_DATA SECTION_:
# # # # # # #

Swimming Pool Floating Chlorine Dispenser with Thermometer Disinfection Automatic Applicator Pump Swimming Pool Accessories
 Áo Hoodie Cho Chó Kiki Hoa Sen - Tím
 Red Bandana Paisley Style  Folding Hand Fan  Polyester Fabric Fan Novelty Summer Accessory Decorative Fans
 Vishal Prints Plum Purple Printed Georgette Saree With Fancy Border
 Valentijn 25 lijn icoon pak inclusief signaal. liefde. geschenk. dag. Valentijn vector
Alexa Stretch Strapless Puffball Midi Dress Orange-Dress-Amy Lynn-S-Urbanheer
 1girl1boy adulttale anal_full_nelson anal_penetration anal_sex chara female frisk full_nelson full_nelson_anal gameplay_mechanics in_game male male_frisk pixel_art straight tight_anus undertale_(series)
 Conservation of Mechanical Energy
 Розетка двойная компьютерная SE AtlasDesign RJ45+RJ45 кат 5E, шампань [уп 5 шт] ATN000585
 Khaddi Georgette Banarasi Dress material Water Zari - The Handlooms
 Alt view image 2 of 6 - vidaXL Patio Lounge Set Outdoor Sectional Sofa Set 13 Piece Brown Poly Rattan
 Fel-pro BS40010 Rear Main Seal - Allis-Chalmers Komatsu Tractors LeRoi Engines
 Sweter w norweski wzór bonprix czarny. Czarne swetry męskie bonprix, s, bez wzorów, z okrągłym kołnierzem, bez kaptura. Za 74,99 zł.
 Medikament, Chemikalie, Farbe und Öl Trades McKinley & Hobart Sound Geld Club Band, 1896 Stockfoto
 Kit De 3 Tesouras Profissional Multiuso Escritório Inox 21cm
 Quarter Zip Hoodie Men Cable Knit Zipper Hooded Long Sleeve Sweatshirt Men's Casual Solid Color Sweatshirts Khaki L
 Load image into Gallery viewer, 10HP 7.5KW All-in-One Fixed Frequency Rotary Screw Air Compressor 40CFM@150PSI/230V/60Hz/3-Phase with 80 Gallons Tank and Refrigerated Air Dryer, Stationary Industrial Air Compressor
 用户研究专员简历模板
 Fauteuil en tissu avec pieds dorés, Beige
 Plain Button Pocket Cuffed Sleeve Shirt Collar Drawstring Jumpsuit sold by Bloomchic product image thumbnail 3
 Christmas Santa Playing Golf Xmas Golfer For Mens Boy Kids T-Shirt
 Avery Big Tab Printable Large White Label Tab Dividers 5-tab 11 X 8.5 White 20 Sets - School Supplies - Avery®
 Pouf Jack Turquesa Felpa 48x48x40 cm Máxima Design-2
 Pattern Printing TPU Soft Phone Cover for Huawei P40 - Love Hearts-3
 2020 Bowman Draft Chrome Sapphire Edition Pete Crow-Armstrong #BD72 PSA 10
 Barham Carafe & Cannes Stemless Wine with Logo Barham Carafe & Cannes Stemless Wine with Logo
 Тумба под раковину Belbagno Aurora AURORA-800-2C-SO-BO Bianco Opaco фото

# # # # # # #

_TASK GOAL_:
Print the line containing "Розетка двойная компьютерная" and every line after it to the end of the records above, exactly as written, and nothing else.

_RESULT FOR THIS EXERCISE_:
 Розетка двойная компьютерная SE AtlasDesign RJ45+RJ45 кат 5E, шампань [уп 5 шт] ATN000585
 Khaddi Georgette Banarasi Dress material Water Zari - The Handlooms
 Alt view image 2 of 6 - vidaXL Patio Lounge Set Outdoor Sectional Sofa Set 13 Piece Brown Poly Rattan
 Fel-pro BS40010 Rear Main Seal - Allis-Chalmers Komatsu Tractors LeRoi Engines
 Sweter w norweski wzór bonprix czarny. Czarne swetry męskie bonprix, s, bez wzorów, z okrągłym kołnierzem, bez kaptura. Za 74,99 zł.
 Medikament, Chemikalie, Farbe und Öl Trades McKinley & Hobart Sound Geld Club Band, 1896 Stockfoto
 Kit De 3 Tesouras Profissional Multiuso Escritório Inox 21cm
 Quarter Zip Hoodie Men Cable Knit Zipper Hooded Long Sleeve Sweatshirt Men's Casual Solid Color Sweatshirts Khaki L
 Load image into Gallery viewer, 10HP 7.5KW All-in-One Fixed Frequency Rotary Screw Air Compressor 40CFM@150PSI/230V/60Hz/3-Phase with 80 Gallons Tank and Refrigerated Air Dryer, Stationary Industrial Air Compressor
 用户研究专员简历模板
 Fauteuil en tissu avec pieds dorés, Beige
 Plain Button Pocket Cuffed Sleeve Shirt Collar Drawstring Jumpsuit sold by Bloomchic product image thumbnail 3
 Christmas Santa Playing Golf Xmas Golfer For Mens Boy Kids T-Shirt
 Avery Big Tab Printable Large White Label Tab Dividers 5-tab 11 X 8.5 White 20 Sets - School Supplies - Avery®
 Pouf Jack Turquesa Felpa 48x48x40 cm Máxima Design-2
 Pattern Printing TPU Soft Phone Cover for Huawei P40 - Love Hearts-3
 2020 Bowman Draft Chrome Sapphire Edition Pete Crow-Armstrong #BD72 PSA 10
 Barham Carafe & Cannes Stemless Wine with Logo Barham Carafe & Cannes Stemless Wine with Logo
 Тумба под раковину Belbagno Aurora AURORA-800-2C-SO-BO Bianco Opaco фото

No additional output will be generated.